群馬県立県民健康科学大学 > 学生に読んでほしい本 > サラバ!上・下 西加奈子 小学館 2014年 【2016年度推薦】
サラバ!上・下 西加奈子 小学館 2014年 【2016年度推薦】
この物語の主人公・圷(あくつ)歩は、イランで生まれ、大阪に住んだ後、父の海外赴任でエジプトに暮らす。優しい父、母親らしいとは言えない母、周囲から注目されたいがためにぶっとんだ行動をとる姉の中で、歩は自己主張をせず、姉を軽蔑して生きる。やがて、一家は離散する。歩は、親友と別れ、恋人に裏切られ、仕事がなくなり、髪もなくなり、自我が崩壊し、人生が転落していく。

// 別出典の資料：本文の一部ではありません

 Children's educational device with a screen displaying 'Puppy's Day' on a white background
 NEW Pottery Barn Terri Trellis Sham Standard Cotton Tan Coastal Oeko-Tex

「大切なのは、人が、ひとりひとり違うことを認めることだ。」「芯を持ちなさい、歩。」「あなたが信じるものを、誰かに決めさせてはいけないわ。」という言葉が印象的でした。これは、当事者になることを避け、常に一歩引き、価値観を他者に委ねようとする現代日本人にむけた著者のメッセージなのかもしれません。さらに、この物語に登場する人物は、生き生きと個性的に描写されています。自分の人生は一度きりです。ですが、本を通して様々な人の人生に触れられることを皆さんにも楽しんでいただきたいと思います。